Warren nodded. Calista had been wise to join the university to avoid the Burnings. The mortal witch hunts had incited a similar frenzy in Mytheans. If witches were the bogeymen to mortals, then soulceresses were their Mythean equivalent because of their ability to siphon off the power of others’ souls. They’d fallen prey to the frenzy and used it as an excuse to hunt those they feared. The university didn’t support the Burnings because it was contrary to the law and order that had become their model for staying under the mortals’ radar, but most Mytheans didn’t care. They hunted soulceresses anyway. Nearly every soulceress in Britain had been killed during what had become known as the Burnings.

“So you need another soulceress to shore up the boundary to her prison,” Warren said.

“Exactly.”

Warren rose. “I’m going to see if I can take care of that for you.”

“I know whom you’re thinking of. Trust me, we’ve thought of it too. But she’ll never help us.”

“It’s her job.” He’d gone to the effort of getting her to work for the university, and damned if he wouldn’t make sure she did her job.

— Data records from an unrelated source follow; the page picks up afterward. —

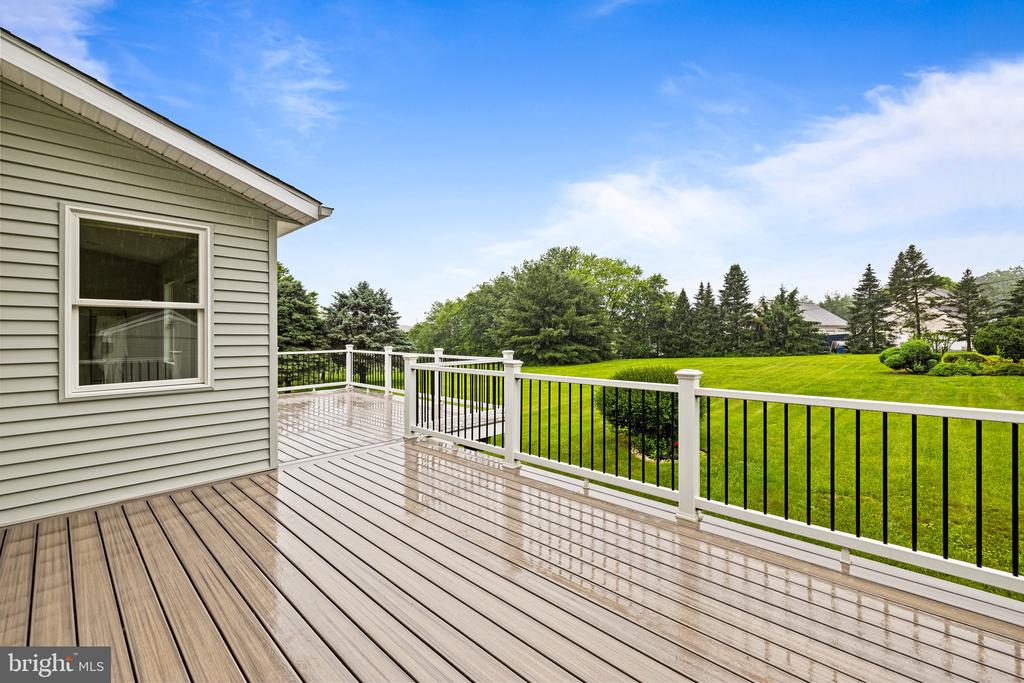1115 BUCKHORN ROAD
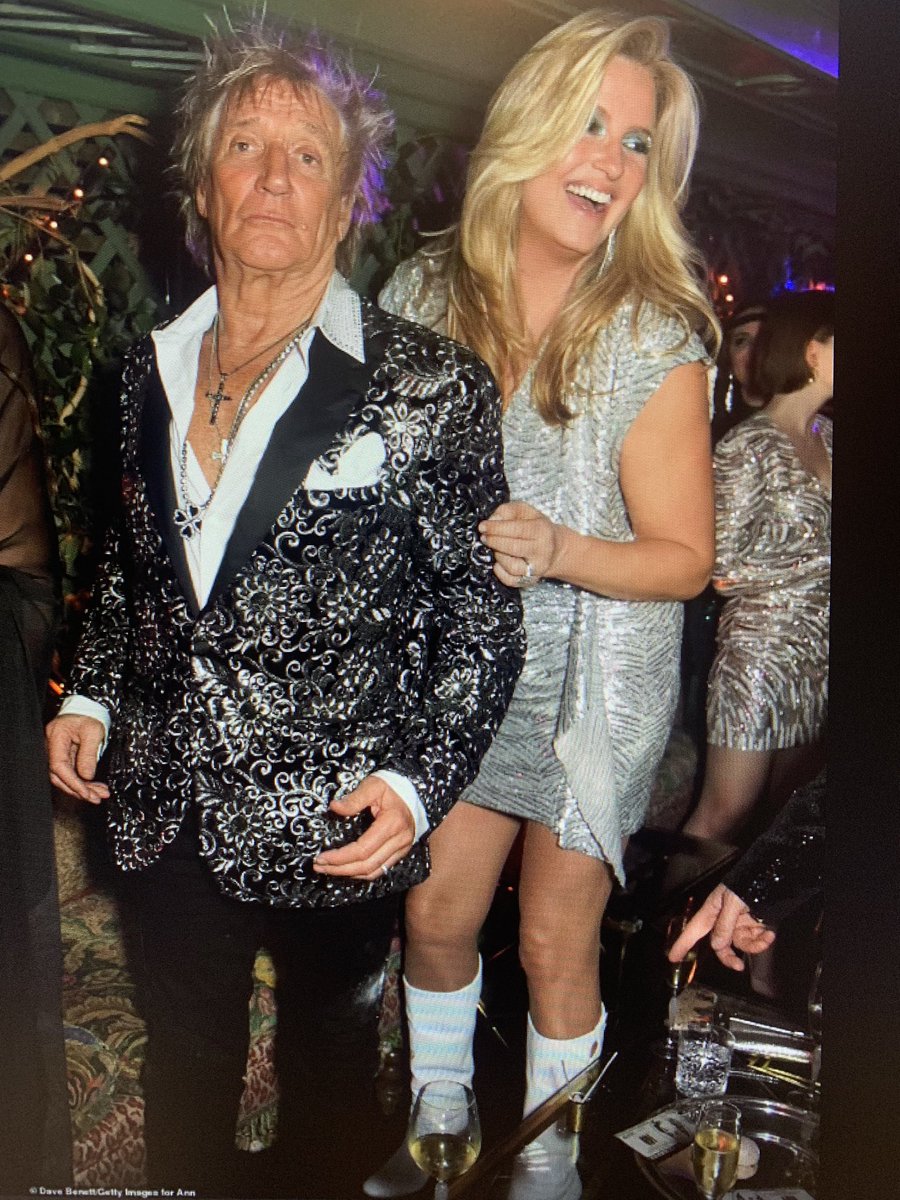 sophchest's tweet photo. Think you missed something! @MailOnline https://t.co/1PholnKJ06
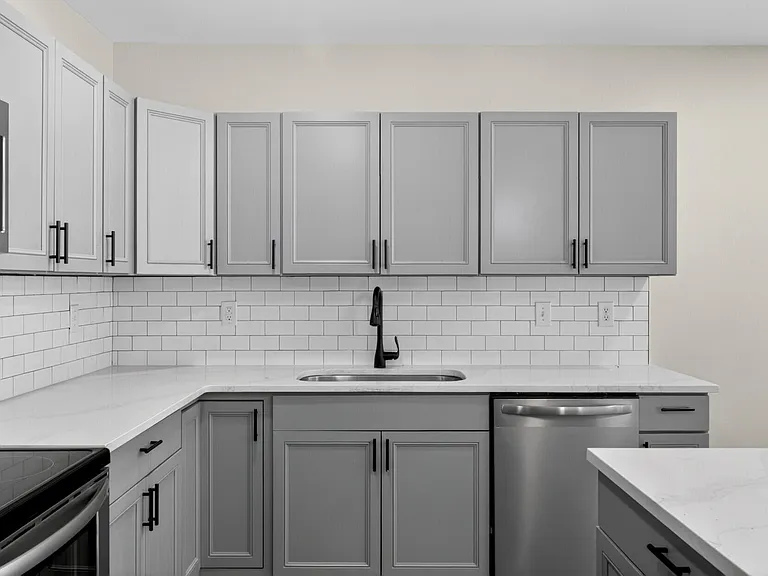 2116 Commander Rd — Photo 12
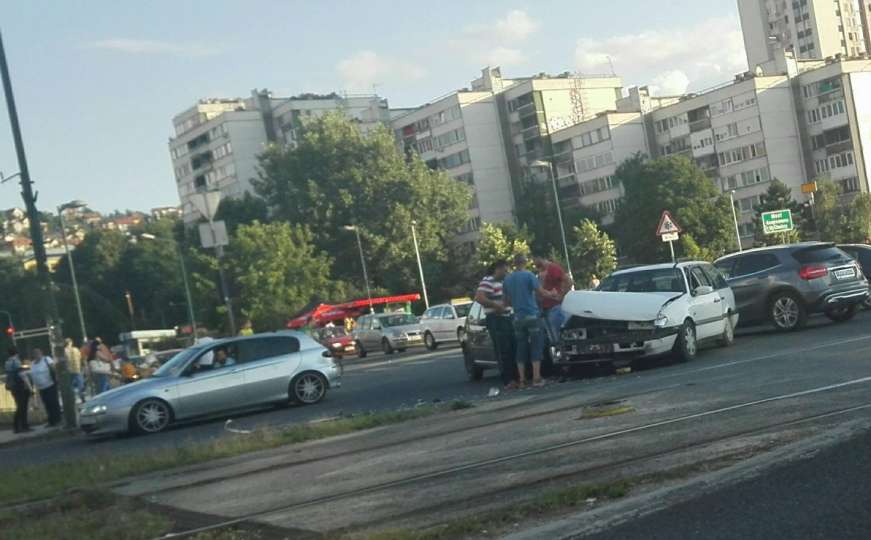 Saobraćajna nesreća na Otoci: Velika gužva u pravcu grada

Though it wasn’t surprising that Cora doubted Esha. Ten years ago, when word of a soulceress come to Scotland had reached the university, they’d sought her out and watched her. She’d been a free-market mercenary, killing only Mytheans, and while she hadn’t killed any pregnant mothers or schoolchildren, she wasn’t particularly picky about her contracts. He’d invited her to join the university because she was too dangerous not to have on their side. When everything in him had screamed to leave her be, to keep her away from the university because of what another of her kind had done to him, he’d found the will to remember his vows to do what was best for his job.

“You really think she’ll agree to help us?” Cora’s words shook him out of his thoughts.

&nb

sp; “I’ll see to it that she agrees. She’ll come to you. Tonight.”

“All right, if you say so.” Doubt and hope warred in her brown eyes.

“I do.” Warren turned and left the sticky heat of the greenhouse, wishing there were any other soulceress he could ask for help.